[Short text fragments from websites]

::::

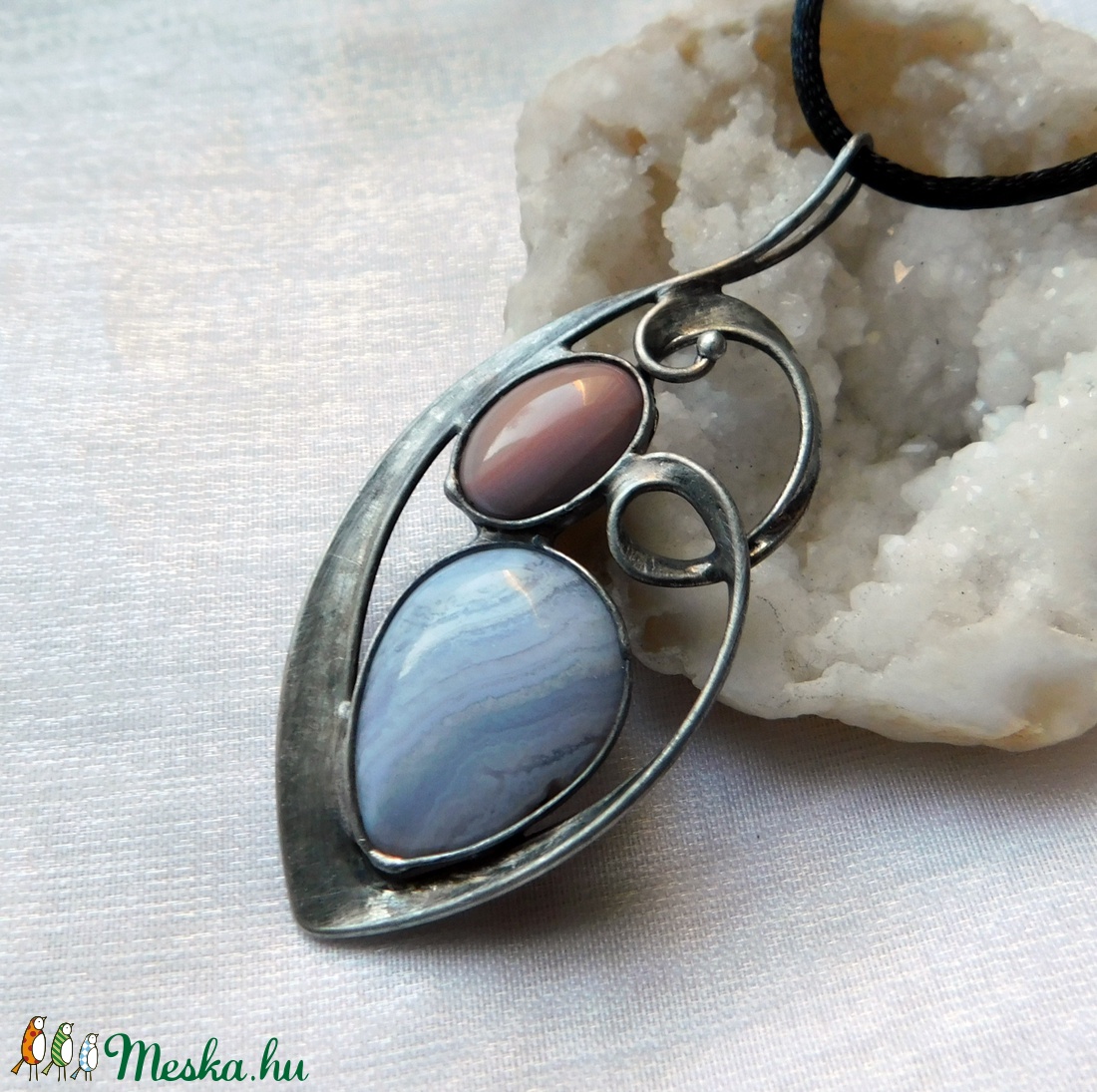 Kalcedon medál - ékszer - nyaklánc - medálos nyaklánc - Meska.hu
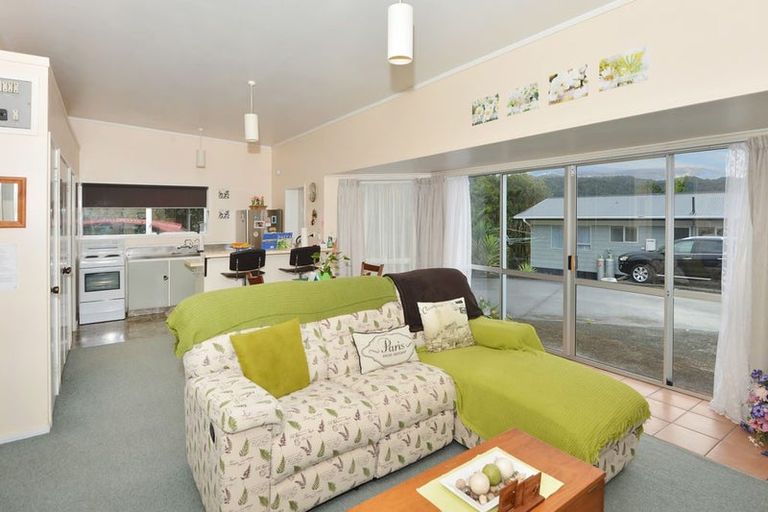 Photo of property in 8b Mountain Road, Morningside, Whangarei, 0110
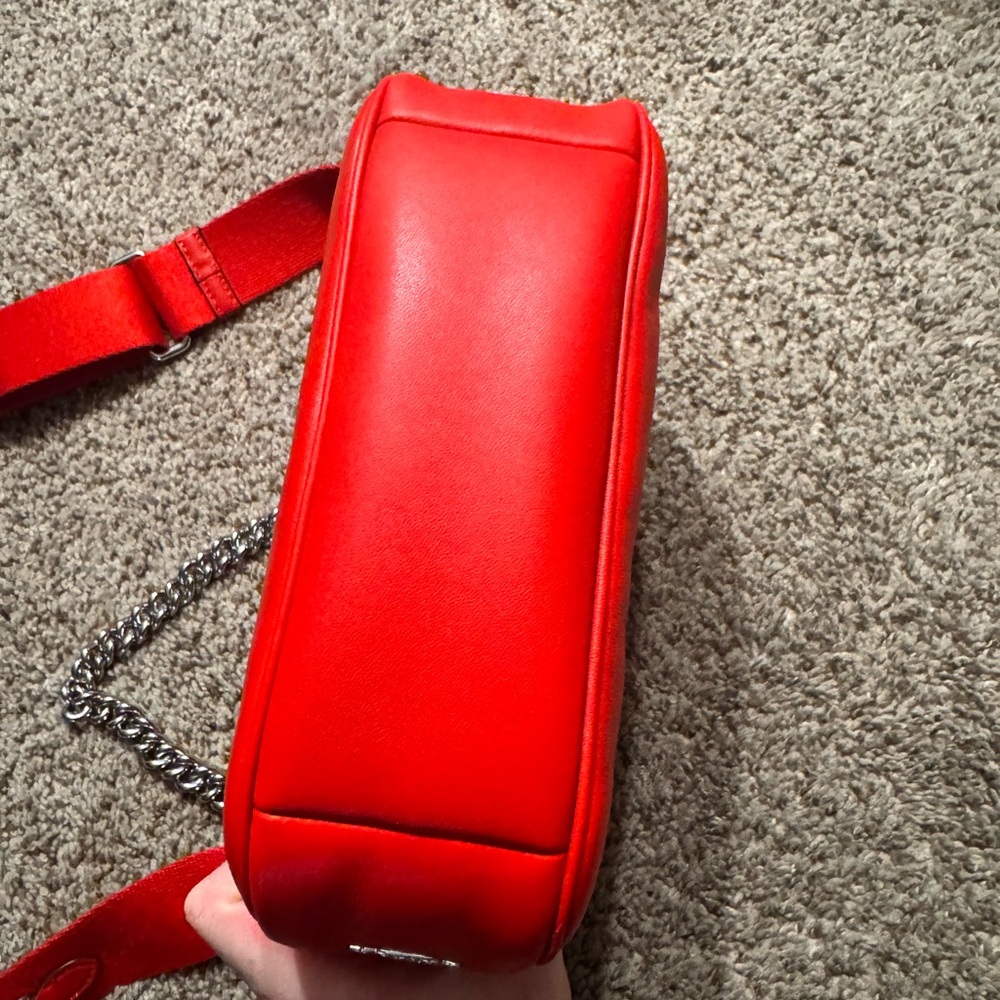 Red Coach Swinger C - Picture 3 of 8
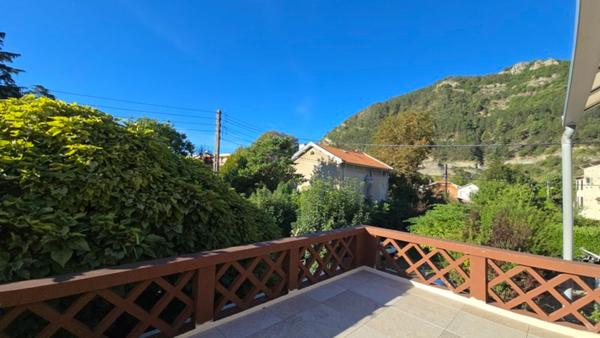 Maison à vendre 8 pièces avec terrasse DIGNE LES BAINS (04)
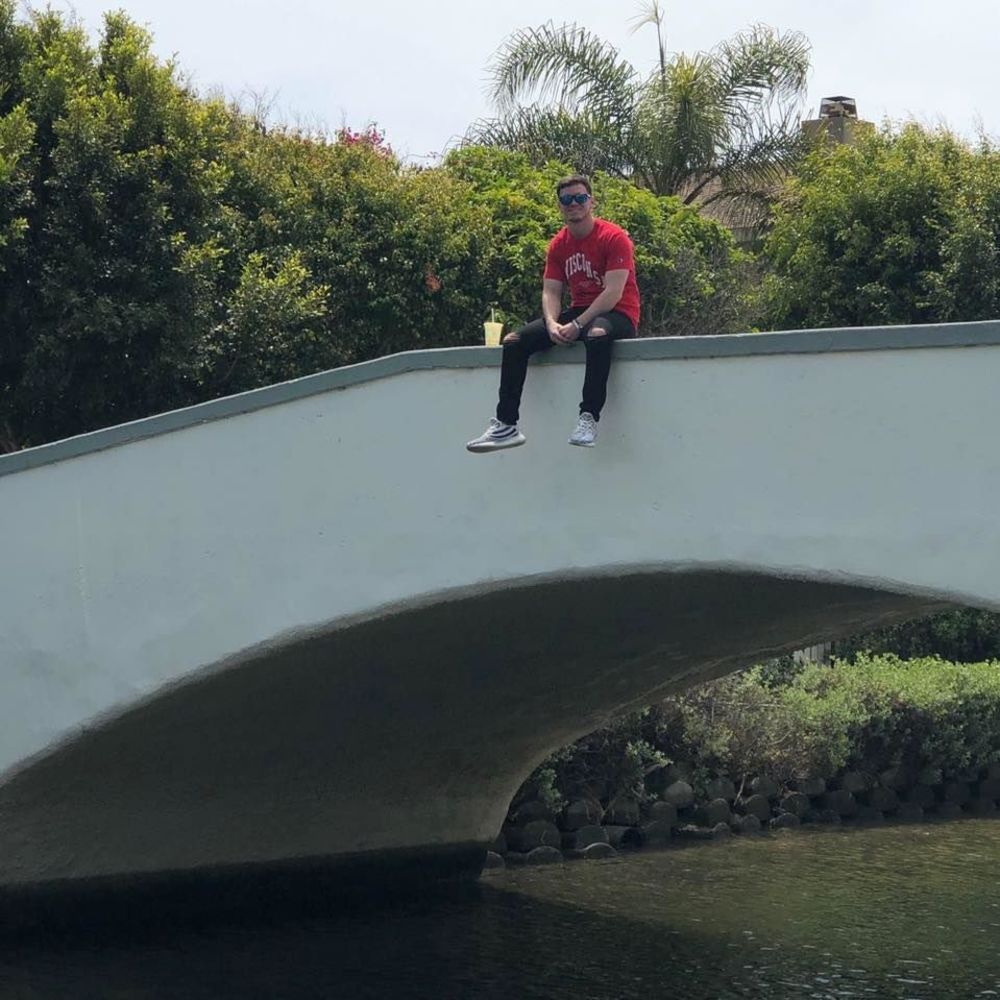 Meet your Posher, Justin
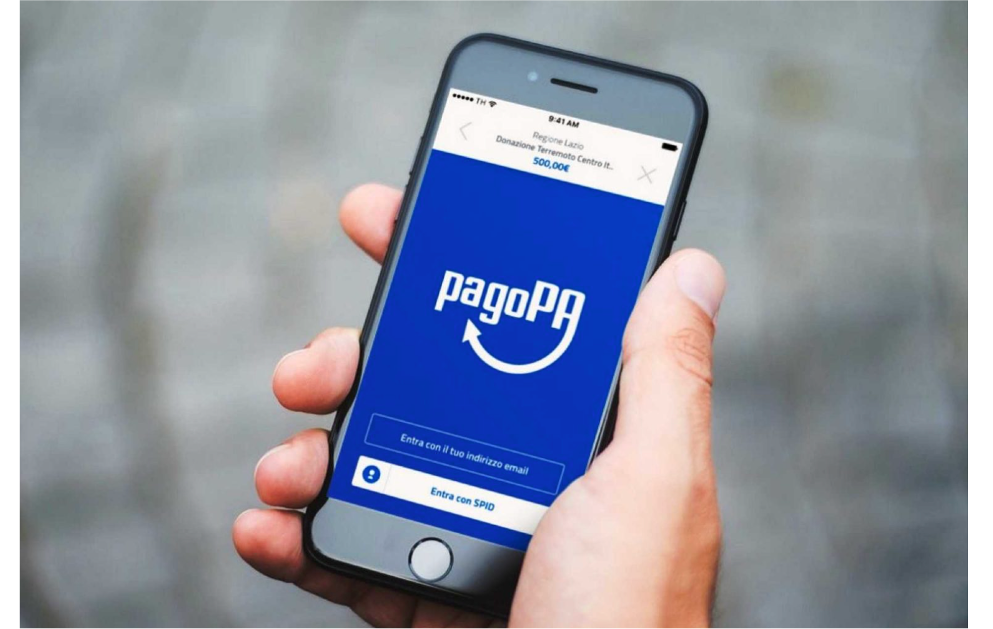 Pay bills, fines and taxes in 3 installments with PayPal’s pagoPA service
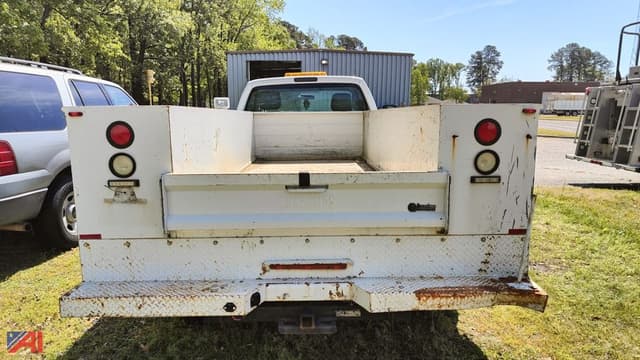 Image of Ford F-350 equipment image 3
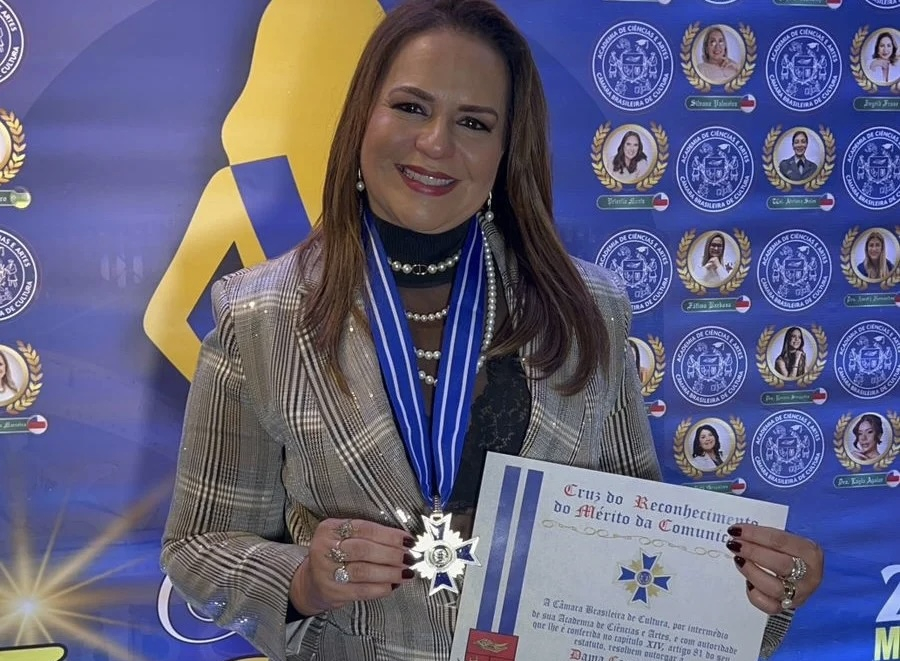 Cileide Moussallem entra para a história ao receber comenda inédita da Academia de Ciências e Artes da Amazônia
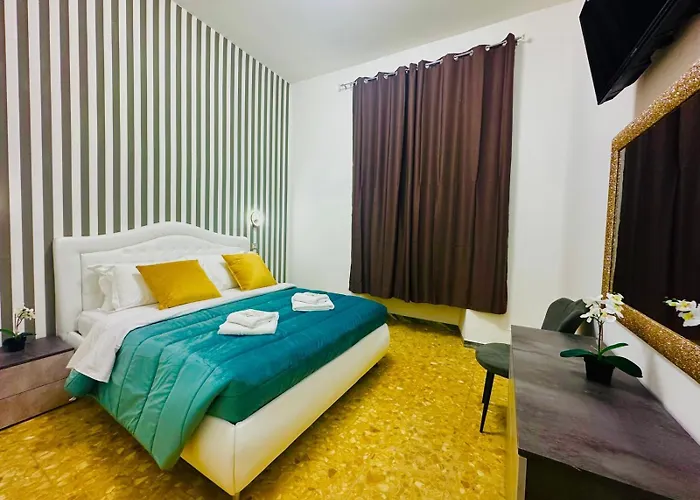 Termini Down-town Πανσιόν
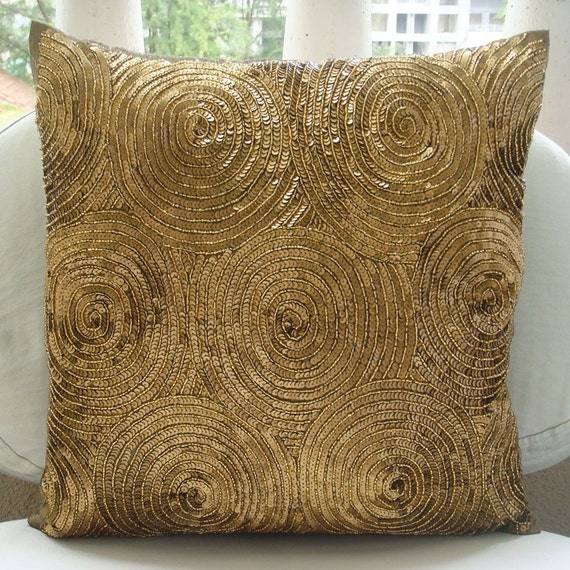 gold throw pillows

::::

WHAT YOU SHOULD DO: All of the records need to be reproduced exactly, with each picture omitted.

TASK RESULT:
 Kalcedon medál - ékszer - nyaklánc - medálos nyaklánc - Meska.hu
 Photo of property in 8b Mountain Road, Morningside, Whangarei, 0110
 Red Coach Swinger C - Picture 3 of 8
 Maison à vendre 8 pièces avec terrasse DIGNE LES BAINS (04)
 Meet your Posher, Justin
 Pay bills, fines and taxes in 3 installments with PayPal’s pagoPA service
 Image of Ford F-350 equipment image 3
 Cileide Moussallem entra para a história ao receber comenda inédita da Academia de Ciências e Artes da Amazônia
 Termini Down-town Πανσιόν
 gold throw pillows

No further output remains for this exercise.